HOW TO COMPLETE THIS TASK
Please copy out the entries exactly, skipping any pictures.

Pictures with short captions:
=== Section Start ===
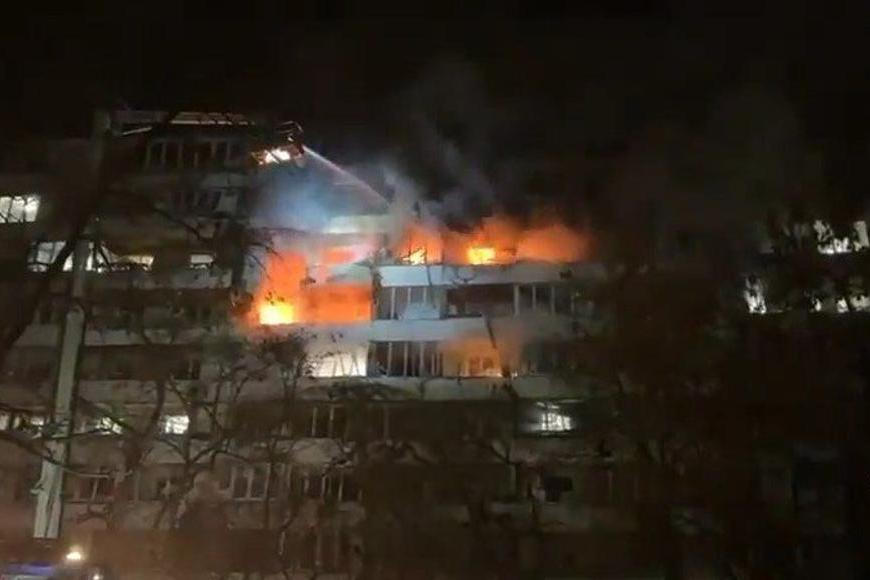 Kvůli masivním útokům na Kyjev se mimořádně sejde Rada bezpečnosti OSN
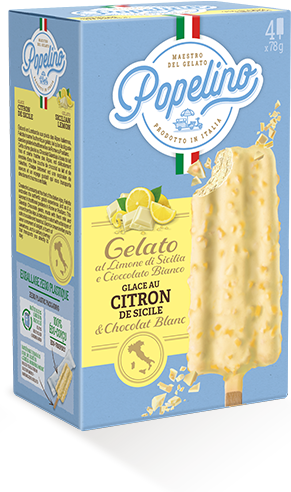 Boîte glaces citron Sicile Popelino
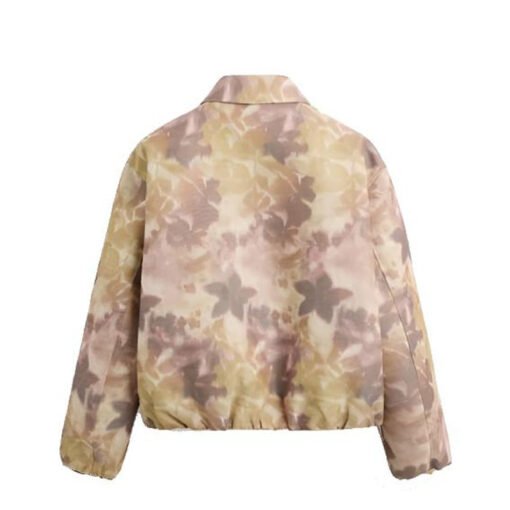 Sean Freeman Peach Floral Print Jacket - Image 3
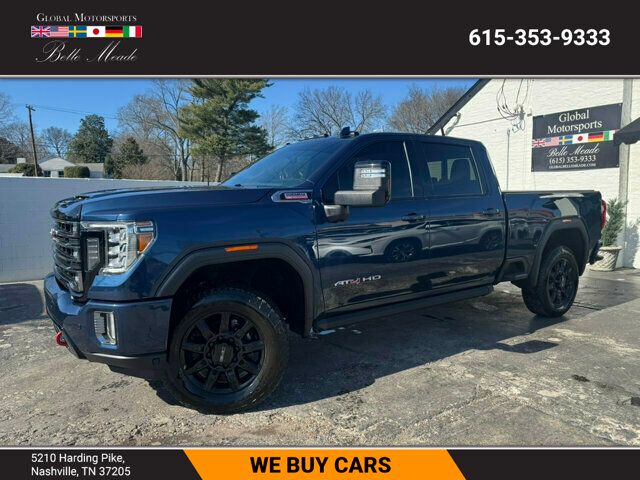 2021 GMC Sierra 2500HD LocalTrade/MSRP$79050/AT4 PremiumPkg/6.6LTurboDiesel/HeadsUp - 22779842 - 0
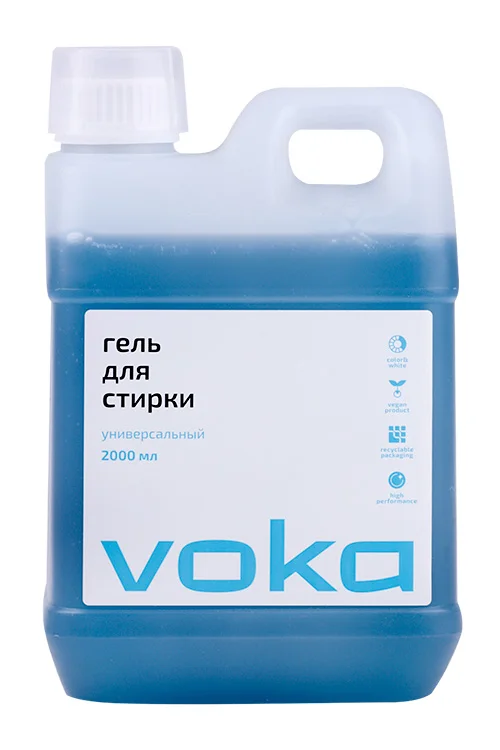 Гель для стирки Voka универсальный 2 л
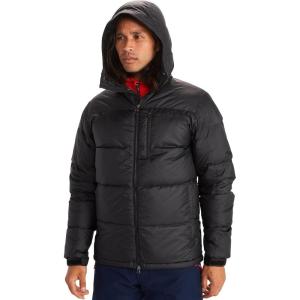 MARMOT mens Guides Down Hoody Jacket(Jet Black)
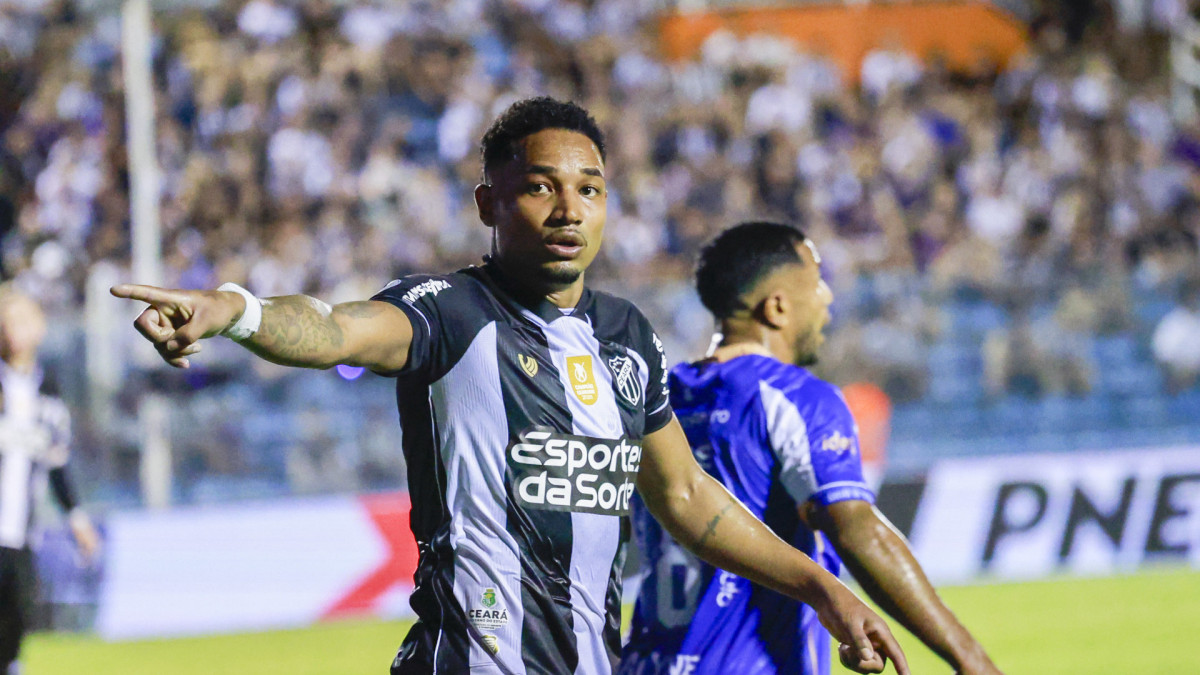 FORTALEZA, CE,  BR - 16.01.26  - Campeonato Cearense 2026 - Partida entre as equipes Ceara x Maranguape no estadio Presidente Vargas  (FCO FONTENELE/OPOVO)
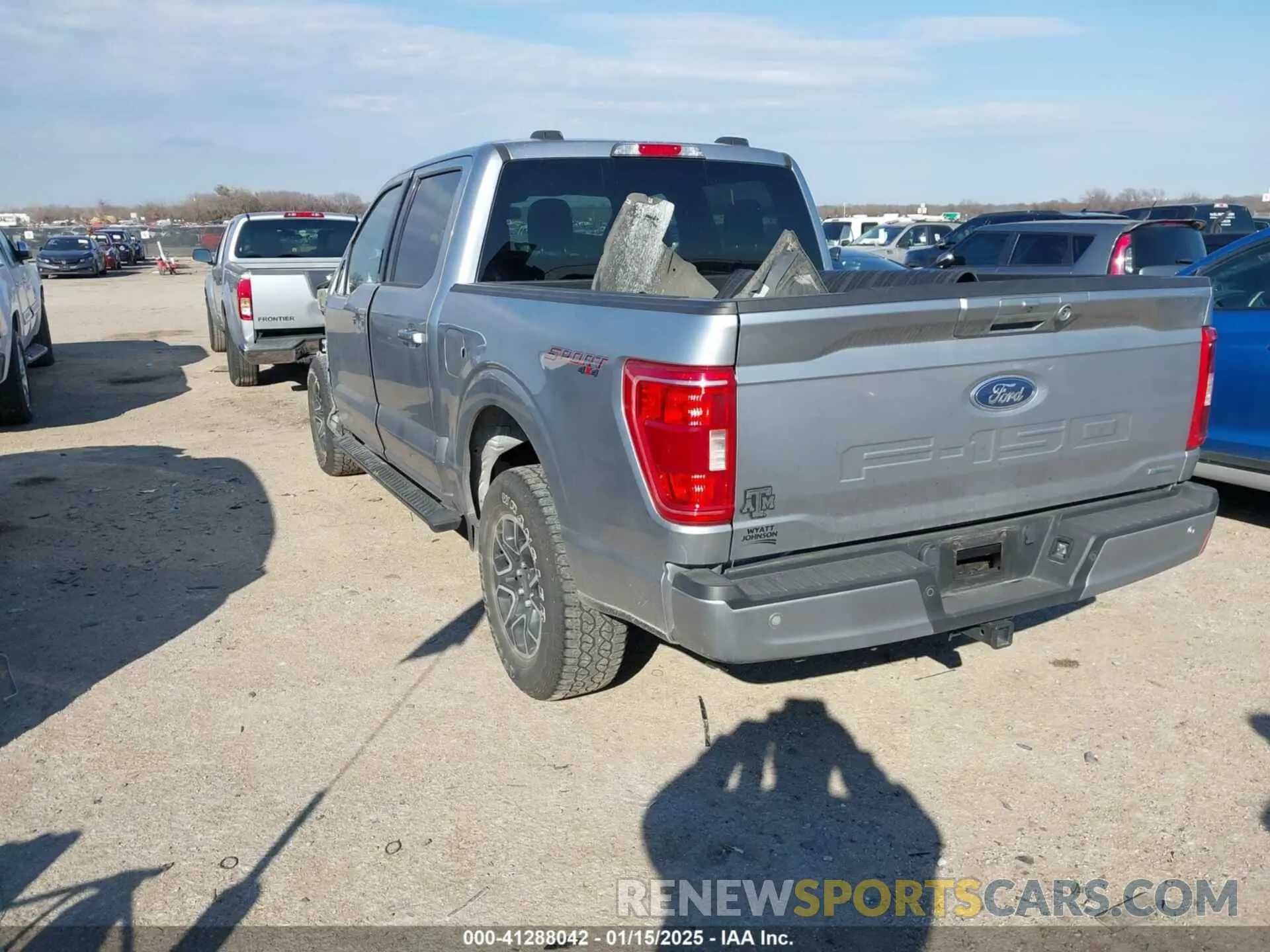 3 Фотография поврежденного автомобиля 1FTEW1EP6MFA24287 FORD F-150 2021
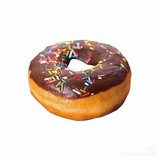 乌漆麻黑甜甜圈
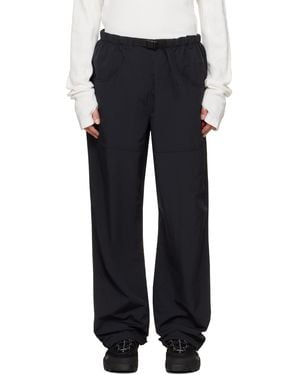 The North Face Tnf Box Nylon Belted Trousers - Black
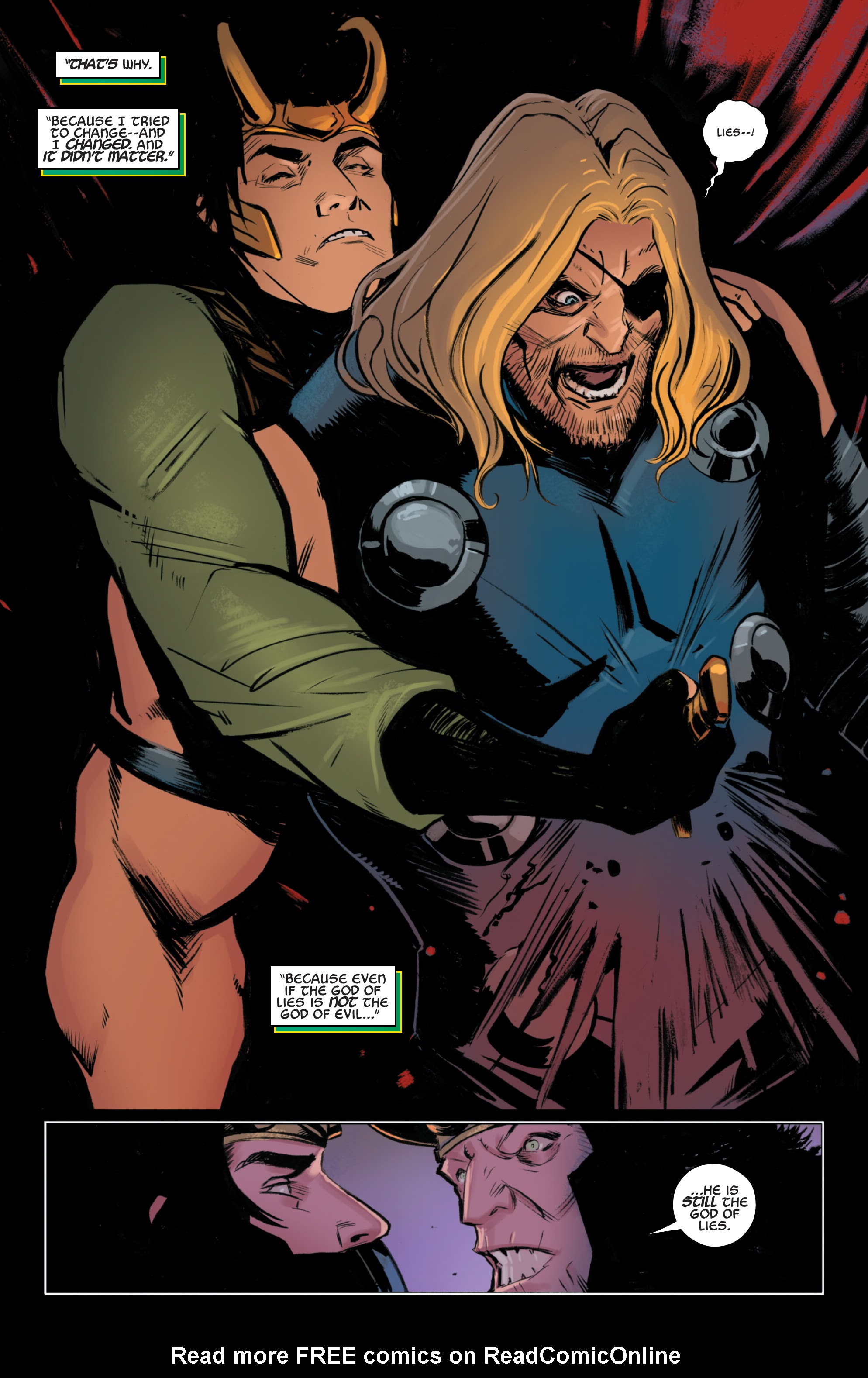 Read online Loki: God of Stories Omnibus comic -  Issue # TPB (Part 6) - 75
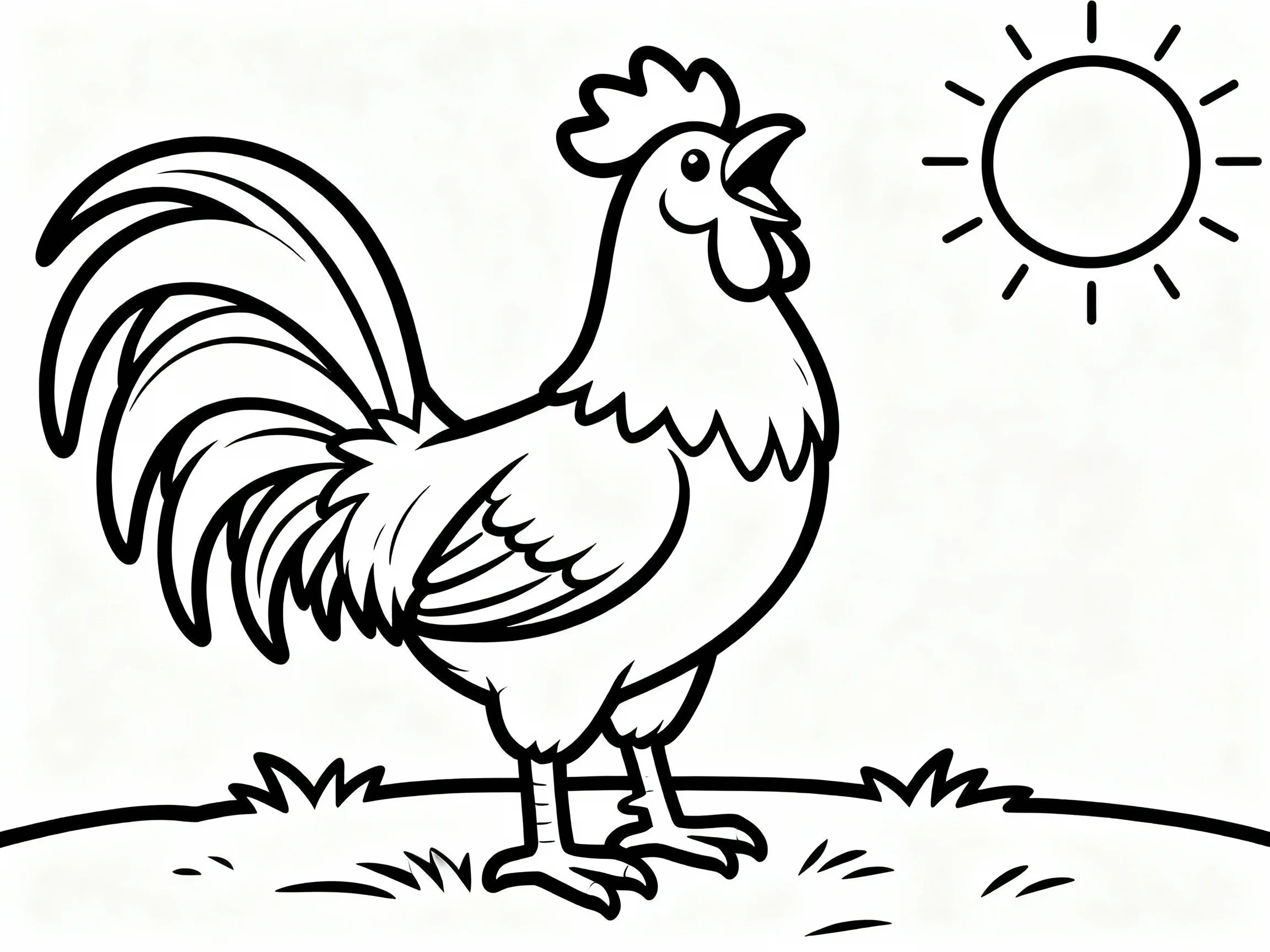 43 Printable Farm Coloring Pages (Free Download) preview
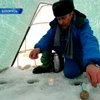 Белорусские рыбаки выходят на рыбалку с палатками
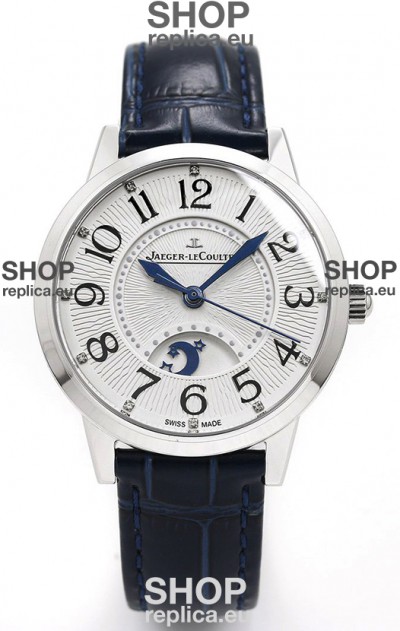 Jaeger-LeCoultre Rendez-Vous Steel Night & Day 1:1 Mirror Swiss Watch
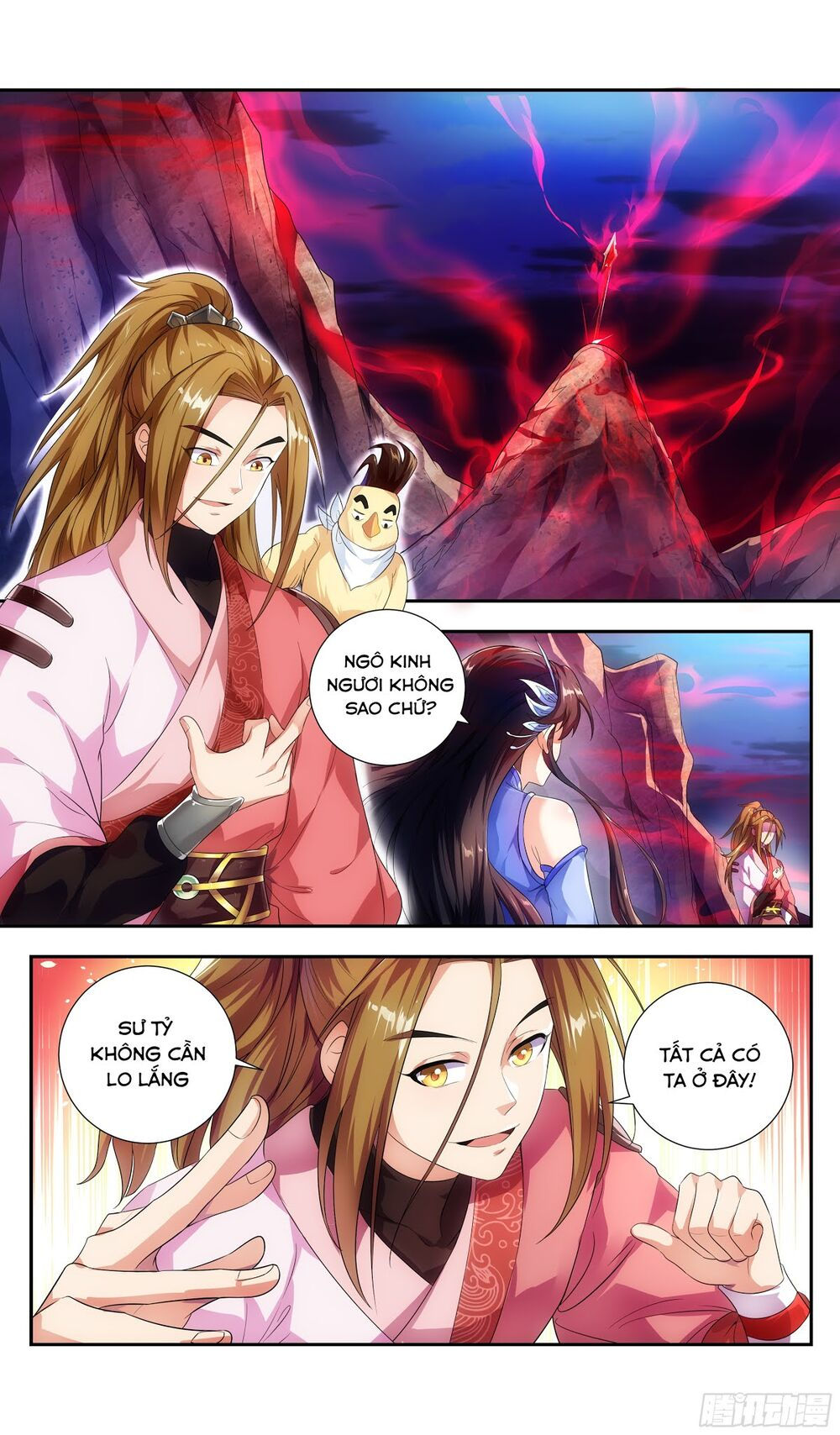 hệ thống ép ta làm nhân vật phản diện chapter 26 1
=== Section End ===
TASK RESULT
 Kvůli masivním útokům na Kyjev se mimořádně sejde Rada bezpečnosti OSN
 Boîte glaces citron Sicile Popelino
 Sean Freeman Peach Floral Print Jacket - Image 3
 2021 GMC Sierra 2500HD LocalTrade/MSRP$79050/AT4 PremiumPkg/6.6LTurboDiesel/HeadsUp - 22779842 - 0
 Гель для стирки Voka универсальный 2 л
 MARMOT mens Guides Down Hoody Jacket(Jet Black)
 FORTALEZA, CE,  BR - 16.01.26  - Campeonato Cearense 2026 - Partida entre as equipes Ceara x Maranguape no estadio Presidente Vargas  (FCO FONTENELE/OPOVO)
 3 Фотография поврежденного автомобиля 1FTEW1EP6MFA24287 FORD F-150 2021
 乌漆麻黑甜甜圈
 The North Face Tnf Box Nylon Belted Trousers - Black
 Read online Loki: God of Stories Omnibus comic -  Issue # TPB (Part 6) - 75
 43 Printable Farm Coloring Pages (Free Download) preview
 Белорусские рыбаки выходят на рыбалку с палатками
 Jaeger-LeCoultre Rendez-Vous Steel Night & Day 1:1 Mirror Swiss Watch
 hệ thống ép ta làm nhân vật phản diện chapter 26 1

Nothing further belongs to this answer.